President Petro Is Taking Heat in Colombia for Cancelling So Many Meetings
President Gustavo Petro has a punctuality problem. Since he took office, the media has made a habit of tracking the instances he has arrived late to an event — or when he simply didn’t show up at all — and the number is getting quite large.
Photo: President Gustavo Petro being questioned by the Colombian press. (Photo credit: Presidencia de la República)
According to a detailed account by Colombian publication La Silla Vacía, the nation’s first leftist president had tallied up to 82 cancellations by mid-July after less than one year in office. Nearly one-fourth of the cancellations (20 instances) occurred on a Friday.
Why so many missed meetings and changes to the agenda?
At a press conference in February, Laura Sarabia, the president’s former chief of staff who was removed from her position in early June in the wake of Colombia’s “nannygate” scandal, said that Petro’s frequent tardiness is due to him allowing meetings with various constituents to run long.

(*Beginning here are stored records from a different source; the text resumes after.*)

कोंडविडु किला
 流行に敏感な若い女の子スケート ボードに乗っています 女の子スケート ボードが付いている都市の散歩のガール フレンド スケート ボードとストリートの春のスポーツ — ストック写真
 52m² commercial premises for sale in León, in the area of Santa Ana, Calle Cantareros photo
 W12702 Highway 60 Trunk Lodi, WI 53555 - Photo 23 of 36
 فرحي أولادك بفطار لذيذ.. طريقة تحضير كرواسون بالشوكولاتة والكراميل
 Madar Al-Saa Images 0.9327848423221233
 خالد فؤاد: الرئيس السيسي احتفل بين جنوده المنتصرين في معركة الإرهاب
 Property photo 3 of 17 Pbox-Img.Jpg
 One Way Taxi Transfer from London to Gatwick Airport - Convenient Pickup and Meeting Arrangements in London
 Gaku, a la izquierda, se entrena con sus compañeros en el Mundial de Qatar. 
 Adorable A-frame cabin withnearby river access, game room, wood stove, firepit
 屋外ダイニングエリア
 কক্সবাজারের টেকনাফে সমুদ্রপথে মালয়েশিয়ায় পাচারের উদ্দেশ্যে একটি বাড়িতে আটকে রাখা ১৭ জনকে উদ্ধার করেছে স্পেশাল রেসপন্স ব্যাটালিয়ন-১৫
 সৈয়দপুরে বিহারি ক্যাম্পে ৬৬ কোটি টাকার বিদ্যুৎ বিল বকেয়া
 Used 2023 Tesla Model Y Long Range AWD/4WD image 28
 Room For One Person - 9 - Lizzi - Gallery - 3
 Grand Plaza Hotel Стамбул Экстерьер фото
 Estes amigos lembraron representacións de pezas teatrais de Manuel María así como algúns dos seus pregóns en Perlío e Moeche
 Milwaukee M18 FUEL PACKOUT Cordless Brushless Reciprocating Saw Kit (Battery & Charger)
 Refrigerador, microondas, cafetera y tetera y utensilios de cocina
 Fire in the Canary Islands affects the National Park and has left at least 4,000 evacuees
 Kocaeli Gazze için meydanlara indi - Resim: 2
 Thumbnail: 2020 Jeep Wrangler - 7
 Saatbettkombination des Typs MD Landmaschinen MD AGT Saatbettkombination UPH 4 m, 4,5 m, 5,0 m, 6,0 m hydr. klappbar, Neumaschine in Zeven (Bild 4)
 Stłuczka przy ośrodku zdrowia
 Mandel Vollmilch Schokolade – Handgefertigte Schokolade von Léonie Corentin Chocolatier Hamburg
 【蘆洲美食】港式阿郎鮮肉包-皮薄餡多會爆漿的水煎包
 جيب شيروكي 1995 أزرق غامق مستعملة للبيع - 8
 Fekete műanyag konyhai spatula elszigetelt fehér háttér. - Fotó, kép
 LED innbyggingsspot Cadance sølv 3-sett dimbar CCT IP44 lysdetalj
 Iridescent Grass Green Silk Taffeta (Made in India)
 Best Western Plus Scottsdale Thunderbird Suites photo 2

“For the president, the protocol issue to say ‘I only have 2 hours to listen to such and such community,’ does not exist,” she said. “He prefers that people feel listened to, from the community in Cauca to the businessman who came for only half an hour and ended up talking for two hours with the president on a myriad of topics. That happens in all issues.”
The months with the most cancellations in Petro’s agenda came in March and April of this year, according to La Silla Vacía. On average, nine events have been canceled per month, not counting the large number of meetings to which the president has arrived late.
With so many agenda changes, and a family member spreading since-refuted rumors, two opposition congressmen requested that the Senate force the president to undergo an health examination, which would not fall within the bounds of the law.
Petro tweeted a response: “Now they want to confuse the fact that I don’t go to an event with me having a supposed disorder. No, sir, they cannot snare the president with these gross traps. When we talk about national agreement, we talk about fair dealing. Don’t waste my time with nonsense.”
As for why he keeps missing meetings, Petro himself gave a direct answer last month when he was asked during a video interview by Colombian journalist Daniel Coronell for Cambio.
“Constant fatigue is a bad advisor. If you overdo it, you won’t think well and you will make mistakes — and in this case I don’t have the luxury of committing many errors. And the other thing is that, in meetings, I don’t have a habit of being guided by the clock but by the content of the meeting.”